## PROBLEM STATEMENT
Each line below from the one containing "Barrios Unidos Hotel" through the one containing "Fuzeta fata stanga" should be output exactly as it stands, and no other line should appear.
PROVIDED ENTRIES section start
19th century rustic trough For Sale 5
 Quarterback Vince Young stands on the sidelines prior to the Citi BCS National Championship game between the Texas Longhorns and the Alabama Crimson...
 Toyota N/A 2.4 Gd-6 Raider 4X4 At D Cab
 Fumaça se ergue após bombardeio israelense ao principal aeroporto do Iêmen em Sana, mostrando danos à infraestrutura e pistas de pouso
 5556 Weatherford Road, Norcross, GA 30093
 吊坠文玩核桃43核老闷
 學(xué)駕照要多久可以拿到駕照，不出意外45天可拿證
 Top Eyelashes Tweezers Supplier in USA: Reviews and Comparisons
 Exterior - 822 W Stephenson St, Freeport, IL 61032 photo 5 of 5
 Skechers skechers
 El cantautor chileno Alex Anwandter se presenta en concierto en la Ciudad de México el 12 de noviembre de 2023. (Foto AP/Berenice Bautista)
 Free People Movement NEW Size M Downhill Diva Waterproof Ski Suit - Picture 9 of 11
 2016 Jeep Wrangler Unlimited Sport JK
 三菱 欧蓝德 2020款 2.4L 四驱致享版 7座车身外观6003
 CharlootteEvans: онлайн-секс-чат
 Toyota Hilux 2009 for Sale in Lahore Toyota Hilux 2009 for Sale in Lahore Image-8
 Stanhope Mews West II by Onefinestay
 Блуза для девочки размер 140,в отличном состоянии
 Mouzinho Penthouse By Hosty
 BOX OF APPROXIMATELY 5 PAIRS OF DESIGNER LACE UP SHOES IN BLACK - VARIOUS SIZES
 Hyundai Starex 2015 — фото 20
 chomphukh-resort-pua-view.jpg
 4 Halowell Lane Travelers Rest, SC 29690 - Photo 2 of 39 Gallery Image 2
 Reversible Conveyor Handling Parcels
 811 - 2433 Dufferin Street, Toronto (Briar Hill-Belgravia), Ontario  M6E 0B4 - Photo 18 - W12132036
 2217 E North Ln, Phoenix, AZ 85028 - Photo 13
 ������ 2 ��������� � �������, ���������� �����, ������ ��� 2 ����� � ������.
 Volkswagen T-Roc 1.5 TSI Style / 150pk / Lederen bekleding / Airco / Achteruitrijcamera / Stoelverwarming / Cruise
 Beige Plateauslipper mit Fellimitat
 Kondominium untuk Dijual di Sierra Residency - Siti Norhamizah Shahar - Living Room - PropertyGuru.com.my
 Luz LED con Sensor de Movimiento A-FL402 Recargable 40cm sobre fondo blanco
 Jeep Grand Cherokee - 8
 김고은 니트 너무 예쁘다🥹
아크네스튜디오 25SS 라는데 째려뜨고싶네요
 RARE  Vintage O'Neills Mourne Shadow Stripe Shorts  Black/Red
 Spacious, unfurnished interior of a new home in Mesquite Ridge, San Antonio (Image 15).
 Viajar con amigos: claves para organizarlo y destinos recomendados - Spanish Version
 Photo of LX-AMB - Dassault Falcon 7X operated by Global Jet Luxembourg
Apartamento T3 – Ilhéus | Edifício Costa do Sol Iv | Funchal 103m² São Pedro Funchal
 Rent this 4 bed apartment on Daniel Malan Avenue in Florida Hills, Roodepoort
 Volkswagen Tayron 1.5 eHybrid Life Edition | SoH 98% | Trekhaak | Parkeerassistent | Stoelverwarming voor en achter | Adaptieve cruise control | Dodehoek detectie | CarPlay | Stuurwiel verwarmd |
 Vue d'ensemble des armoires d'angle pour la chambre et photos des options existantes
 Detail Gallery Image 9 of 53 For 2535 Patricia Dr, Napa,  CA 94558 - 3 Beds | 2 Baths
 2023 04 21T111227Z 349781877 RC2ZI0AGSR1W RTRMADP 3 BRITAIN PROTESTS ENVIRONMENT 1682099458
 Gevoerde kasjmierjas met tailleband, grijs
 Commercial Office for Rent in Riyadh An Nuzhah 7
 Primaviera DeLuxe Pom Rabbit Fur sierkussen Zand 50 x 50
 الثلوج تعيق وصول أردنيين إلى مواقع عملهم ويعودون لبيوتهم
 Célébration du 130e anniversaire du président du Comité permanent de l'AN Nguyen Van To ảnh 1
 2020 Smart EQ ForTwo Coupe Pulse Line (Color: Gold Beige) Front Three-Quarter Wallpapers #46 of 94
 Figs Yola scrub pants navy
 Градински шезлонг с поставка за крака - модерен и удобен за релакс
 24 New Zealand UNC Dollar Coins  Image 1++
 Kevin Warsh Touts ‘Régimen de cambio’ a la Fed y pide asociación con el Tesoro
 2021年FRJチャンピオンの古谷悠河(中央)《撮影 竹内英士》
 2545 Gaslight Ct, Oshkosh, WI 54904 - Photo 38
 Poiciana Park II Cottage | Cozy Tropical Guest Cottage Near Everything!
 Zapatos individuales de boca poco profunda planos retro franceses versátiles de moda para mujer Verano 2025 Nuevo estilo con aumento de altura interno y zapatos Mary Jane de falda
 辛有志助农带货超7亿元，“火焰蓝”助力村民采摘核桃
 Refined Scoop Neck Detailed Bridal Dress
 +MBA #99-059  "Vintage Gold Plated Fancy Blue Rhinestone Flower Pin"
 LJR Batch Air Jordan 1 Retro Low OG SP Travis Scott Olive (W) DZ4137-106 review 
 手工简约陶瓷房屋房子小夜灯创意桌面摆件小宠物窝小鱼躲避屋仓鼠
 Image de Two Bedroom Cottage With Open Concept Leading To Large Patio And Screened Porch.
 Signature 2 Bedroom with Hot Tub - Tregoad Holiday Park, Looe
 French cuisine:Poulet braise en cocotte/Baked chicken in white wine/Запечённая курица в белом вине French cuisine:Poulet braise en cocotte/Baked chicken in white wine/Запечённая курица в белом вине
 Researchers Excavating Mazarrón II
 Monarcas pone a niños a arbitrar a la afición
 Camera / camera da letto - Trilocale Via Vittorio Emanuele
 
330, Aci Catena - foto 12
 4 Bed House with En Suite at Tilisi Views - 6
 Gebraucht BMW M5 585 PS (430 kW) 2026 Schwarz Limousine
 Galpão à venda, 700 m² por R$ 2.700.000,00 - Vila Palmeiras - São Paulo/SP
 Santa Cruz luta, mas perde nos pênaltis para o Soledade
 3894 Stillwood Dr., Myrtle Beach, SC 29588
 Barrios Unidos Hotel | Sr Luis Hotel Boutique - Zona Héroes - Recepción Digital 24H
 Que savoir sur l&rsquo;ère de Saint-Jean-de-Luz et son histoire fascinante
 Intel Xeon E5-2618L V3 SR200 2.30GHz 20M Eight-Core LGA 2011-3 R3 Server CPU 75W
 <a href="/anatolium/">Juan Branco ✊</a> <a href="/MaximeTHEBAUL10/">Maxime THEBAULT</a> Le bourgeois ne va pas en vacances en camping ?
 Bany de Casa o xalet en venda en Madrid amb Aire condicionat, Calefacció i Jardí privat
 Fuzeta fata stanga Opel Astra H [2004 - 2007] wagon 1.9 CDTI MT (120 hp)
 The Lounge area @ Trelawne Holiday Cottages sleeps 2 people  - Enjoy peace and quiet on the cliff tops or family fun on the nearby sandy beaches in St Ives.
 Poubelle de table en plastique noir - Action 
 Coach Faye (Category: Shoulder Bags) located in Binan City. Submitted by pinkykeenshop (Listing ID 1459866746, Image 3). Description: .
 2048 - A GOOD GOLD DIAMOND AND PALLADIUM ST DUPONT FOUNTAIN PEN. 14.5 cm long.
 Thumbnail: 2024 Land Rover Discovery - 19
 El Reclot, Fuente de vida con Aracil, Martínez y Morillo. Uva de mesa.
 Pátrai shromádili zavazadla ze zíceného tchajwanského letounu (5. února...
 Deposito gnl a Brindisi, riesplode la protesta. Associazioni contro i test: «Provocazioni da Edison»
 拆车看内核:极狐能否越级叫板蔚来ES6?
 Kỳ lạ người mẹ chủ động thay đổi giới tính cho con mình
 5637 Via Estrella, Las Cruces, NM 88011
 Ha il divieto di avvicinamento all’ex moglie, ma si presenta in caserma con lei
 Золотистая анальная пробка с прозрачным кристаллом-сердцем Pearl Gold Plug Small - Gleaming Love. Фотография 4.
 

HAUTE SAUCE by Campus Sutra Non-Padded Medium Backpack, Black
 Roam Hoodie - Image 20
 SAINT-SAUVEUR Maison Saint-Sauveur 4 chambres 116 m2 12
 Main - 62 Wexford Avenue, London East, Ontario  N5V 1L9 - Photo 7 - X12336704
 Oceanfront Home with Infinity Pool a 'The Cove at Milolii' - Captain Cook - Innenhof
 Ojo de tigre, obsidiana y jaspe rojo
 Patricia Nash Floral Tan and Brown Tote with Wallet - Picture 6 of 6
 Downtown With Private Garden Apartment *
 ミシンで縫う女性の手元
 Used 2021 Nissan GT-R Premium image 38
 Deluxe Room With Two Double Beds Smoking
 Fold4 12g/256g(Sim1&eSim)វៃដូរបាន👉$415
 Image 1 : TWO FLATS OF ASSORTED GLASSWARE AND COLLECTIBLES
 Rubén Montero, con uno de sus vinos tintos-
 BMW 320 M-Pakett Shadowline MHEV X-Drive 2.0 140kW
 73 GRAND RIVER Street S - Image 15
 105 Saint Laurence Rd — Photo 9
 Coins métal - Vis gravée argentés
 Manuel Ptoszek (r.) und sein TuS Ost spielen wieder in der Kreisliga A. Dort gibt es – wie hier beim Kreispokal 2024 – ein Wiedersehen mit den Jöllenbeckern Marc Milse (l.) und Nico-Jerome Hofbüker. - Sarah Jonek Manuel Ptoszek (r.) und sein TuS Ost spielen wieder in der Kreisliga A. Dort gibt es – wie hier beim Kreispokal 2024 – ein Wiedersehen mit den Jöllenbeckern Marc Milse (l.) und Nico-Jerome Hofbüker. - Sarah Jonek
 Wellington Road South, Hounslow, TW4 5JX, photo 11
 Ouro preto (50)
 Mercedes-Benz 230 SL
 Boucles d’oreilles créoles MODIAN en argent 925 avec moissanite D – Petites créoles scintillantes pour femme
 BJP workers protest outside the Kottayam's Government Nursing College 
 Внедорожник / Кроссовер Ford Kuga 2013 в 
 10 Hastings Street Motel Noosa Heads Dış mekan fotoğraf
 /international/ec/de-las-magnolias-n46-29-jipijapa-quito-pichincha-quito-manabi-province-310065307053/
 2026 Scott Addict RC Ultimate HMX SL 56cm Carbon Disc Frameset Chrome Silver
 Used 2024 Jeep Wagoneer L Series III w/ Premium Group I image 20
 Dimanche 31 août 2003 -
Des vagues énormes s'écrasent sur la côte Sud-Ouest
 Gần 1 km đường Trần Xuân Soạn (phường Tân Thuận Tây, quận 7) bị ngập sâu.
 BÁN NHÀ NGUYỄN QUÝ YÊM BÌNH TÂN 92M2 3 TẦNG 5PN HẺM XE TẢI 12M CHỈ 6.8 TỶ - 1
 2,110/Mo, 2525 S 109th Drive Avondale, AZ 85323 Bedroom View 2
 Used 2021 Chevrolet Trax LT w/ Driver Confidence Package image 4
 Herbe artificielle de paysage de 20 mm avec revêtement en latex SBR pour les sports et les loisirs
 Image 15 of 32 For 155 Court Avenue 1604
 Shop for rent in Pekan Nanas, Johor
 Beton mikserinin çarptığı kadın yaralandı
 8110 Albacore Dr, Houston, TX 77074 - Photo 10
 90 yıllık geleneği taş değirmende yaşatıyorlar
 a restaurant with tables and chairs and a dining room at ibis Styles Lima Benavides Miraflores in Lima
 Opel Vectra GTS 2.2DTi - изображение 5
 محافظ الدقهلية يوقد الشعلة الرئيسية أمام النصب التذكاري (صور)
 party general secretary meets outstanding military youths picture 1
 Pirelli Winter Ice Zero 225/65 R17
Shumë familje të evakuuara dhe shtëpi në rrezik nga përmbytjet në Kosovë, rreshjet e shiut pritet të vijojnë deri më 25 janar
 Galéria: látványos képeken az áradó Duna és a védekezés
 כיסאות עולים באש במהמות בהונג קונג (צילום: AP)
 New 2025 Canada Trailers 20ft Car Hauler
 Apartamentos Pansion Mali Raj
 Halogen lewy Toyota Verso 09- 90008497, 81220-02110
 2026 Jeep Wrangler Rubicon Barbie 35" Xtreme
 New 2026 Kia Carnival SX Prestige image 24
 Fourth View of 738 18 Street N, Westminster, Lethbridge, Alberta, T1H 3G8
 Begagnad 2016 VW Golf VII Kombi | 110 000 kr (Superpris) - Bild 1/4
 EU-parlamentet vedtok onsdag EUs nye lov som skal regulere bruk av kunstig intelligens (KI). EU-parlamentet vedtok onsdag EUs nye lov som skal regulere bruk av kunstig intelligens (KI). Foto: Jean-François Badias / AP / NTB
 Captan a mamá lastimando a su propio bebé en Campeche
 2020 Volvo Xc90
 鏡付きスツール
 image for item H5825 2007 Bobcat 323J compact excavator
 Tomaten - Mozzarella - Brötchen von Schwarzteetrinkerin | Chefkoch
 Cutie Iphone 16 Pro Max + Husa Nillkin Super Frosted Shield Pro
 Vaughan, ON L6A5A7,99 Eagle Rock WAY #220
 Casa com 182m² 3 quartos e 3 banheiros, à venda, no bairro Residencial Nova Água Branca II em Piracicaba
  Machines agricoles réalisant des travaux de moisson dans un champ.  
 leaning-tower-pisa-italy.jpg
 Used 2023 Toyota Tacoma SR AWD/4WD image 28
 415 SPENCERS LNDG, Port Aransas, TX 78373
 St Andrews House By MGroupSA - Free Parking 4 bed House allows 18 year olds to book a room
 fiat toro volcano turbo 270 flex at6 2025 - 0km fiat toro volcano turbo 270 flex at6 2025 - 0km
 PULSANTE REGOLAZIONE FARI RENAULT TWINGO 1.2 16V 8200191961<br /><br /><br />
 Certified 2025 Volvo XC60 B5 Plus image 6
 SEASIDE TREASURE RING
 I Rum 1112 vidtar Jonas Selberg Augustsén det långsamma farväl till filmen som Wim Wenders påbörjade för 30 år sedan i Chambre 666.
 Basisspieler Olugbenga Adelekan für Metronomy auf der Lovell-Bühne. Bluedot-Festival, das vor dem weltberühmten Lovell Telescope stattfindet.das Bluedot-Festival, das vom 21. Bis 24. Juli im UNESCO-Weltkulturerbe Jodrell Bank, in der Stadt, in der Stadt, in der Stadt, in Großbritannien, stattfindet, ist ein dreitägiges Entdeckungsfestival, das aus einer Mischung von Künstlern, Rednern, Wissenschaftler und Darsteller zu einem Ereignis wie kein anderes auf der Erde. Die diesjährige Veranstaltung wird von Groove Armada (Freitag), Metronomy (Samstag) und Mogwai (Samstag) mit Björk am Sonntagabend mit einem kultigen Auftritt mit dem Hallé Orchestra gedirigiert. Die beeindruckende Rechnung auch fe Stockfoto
PROVIDED ENTRIES section end
## SOLUTION TO THE PROBLEM
 Barrios Unidos Hotel | Sr Luis Hotel Boutique - Zona Héroes - Recepción Digital 24H
 Que savoir sur l&rsquo;ère de Saint-Jean-de-Luz et son histoire fascinante
 Intel Xeon E5-2618L V3 SR200 2.30GHz 20M Eight-Core LGA 2011-3 R3 Server CPU 75W
 <a href="/anatolium/">Juan Branco ✊</a> <a href="/MaximeTHEBAUL10/">Maxime THEBAULT</a> Le bourgeois ne va pas en vacances en camping ?
 Bany de Casa o xalet en venda en Madrid amb Aire condicionat, Calefacció i Jardí privat
 Fuzeta fata stanga Opel Astra H [2004 - 2007] wagon 1.9 CDTI MT (120 hp)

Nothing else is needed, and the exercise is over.